小北清人
2010年12月18日
(1)またも、黄海の島から炎と白煙が上がった。上陸する北朝鮮軍。11月には北朝鮮の沿岸から13キロの延長島が砲撃されたが、こんどはまた別の島が狙われ、しかも奇襲攻撃で一気に軍事占領されたのだ――。
(2)韓国の中小企業が北の労働者を使い操業する工業団地、「開城工業団地」。今年3月の北による韓国哨戒艦爆沈事件(乗組員46人死亡)以来、ほぼ断絶状態となった南北間で唯一、続いている経済協力事業だ。この団地は北朝鮮軍部の貴重な収入源になっている。南北軍事境界線に近い、北の領内のこの団地を、北朝鮮軍が突如として占拠、韓国企業の社員らが人質にされた。かねての懸念が現実となった――。
(3)北の潜水艦が日本海側から韓国領海に侵入、特殊部隊員が上陸した。目指すはソウル・韓国大統領府。1968年には北の武装ゲリラ部隊が当時の朴正熙大統領暗殺のためソウルに侵入している――。
(4)軍事境界線近くに設置された「対北大型拡声機」(金正日体制の非道ぶりを非難するために設置)。拡声機は北が心底嫌がっているもので、それを破壊するための銃撃、砲撃が北の部隊によって行われた――。
(5)韓国国内で地下鉄やバスなどの公共機関、発電所やダムで奇妙な事件が続発する。韓国に深く浸透している固定工作員が指令を受けて破壊工作に動き出した――。

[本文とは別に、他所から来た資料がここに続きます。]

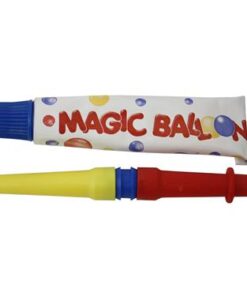 Maro-Toys-Magic-Balloon-Tube-ca-20g-Luftballonformer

これらは、延坪島砲撃以来、韓国のメディアなどで言及されてきた「北は次に何をやってくるのか」の例の一部だ。
軍事専門の韓国国会議員は韓国メディアにこう語っている。
「我々が西海(黄海)を集中警戒すれば、北は東海(日本海)から破壊活動を狙う。その逆もあり得る。軍事境界線の向こうから長距離砲で砲撃してくるのを我々が警戒すれば、北は特殊部隊のソウル侵入を狙ってくる。サイバー攻撃もあり得る」
さる日本の全国紙は「北朝鮮に詳しい消息筋」の話として、年内に、韓国本土への砲撃の可能性があるとの情報を伝えた。

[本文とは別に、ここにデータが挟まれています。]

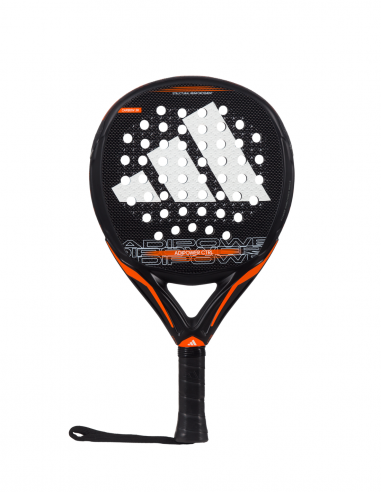 Pala de Pádel Adidas Adidas Adipower CTRL 3.3 2024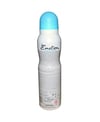 Emotion Ocean Fresh Deodorant 150 Ml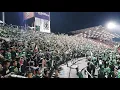 Download Lagu Song For Pride Bonek Mania di Stadion I wayan Dipta Gianyar Bali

このいくつかを北が同時多発的に起こしたら、いや、そのひとつでも実行に移したら、朝鮮半島は未曽有の事態に直面する。これまで北は300回以上、韓国に軍事挑発を行ってきた。だがいまの状況は以前とは次元が違う。延坪島を「やられた」韓国政府は、北への強力な軍事報復を迫られる。新任の国防長官は実際、「断固報復する。空爆も行う」と明言している。国民も要求するだろう。対する北は2度の核実験を行っており、生物・化学兵器も保有するとみられている。
全面戦争となる規模の攻撃を北が仕掛けるのはまず考えられない、というのが韓国でも大方の見方だ。全面戦争を最も恐れているのが金正日氏を頂点とする北の指導部、エリート層なのである。そうなれば平壌が灰燼に帰すのはわかりきっているからだ。
が、いまは、局地戦や軍事挑発を北がまた仕掛ければ、かつてない「危険なゲーム」となる。熱戦へのハードルは近年ないほど低くなっているのである。
延坪島砲撃によって、金正日氏は期待しただろう。恐怖に駆られた韓国がヘナヘナになって、「戦争は怖い。カネもコメも北が要求するだけどんどん好きなだけ渡してしまえ」と世論が飛躍的に高まることを。それと同時に左派勢力への支持が高まり、2012年の大統領選で「親北候補」が勝利する土台が出来上がるであろうことを。
だが結果はいまのところ、裏目に出ている。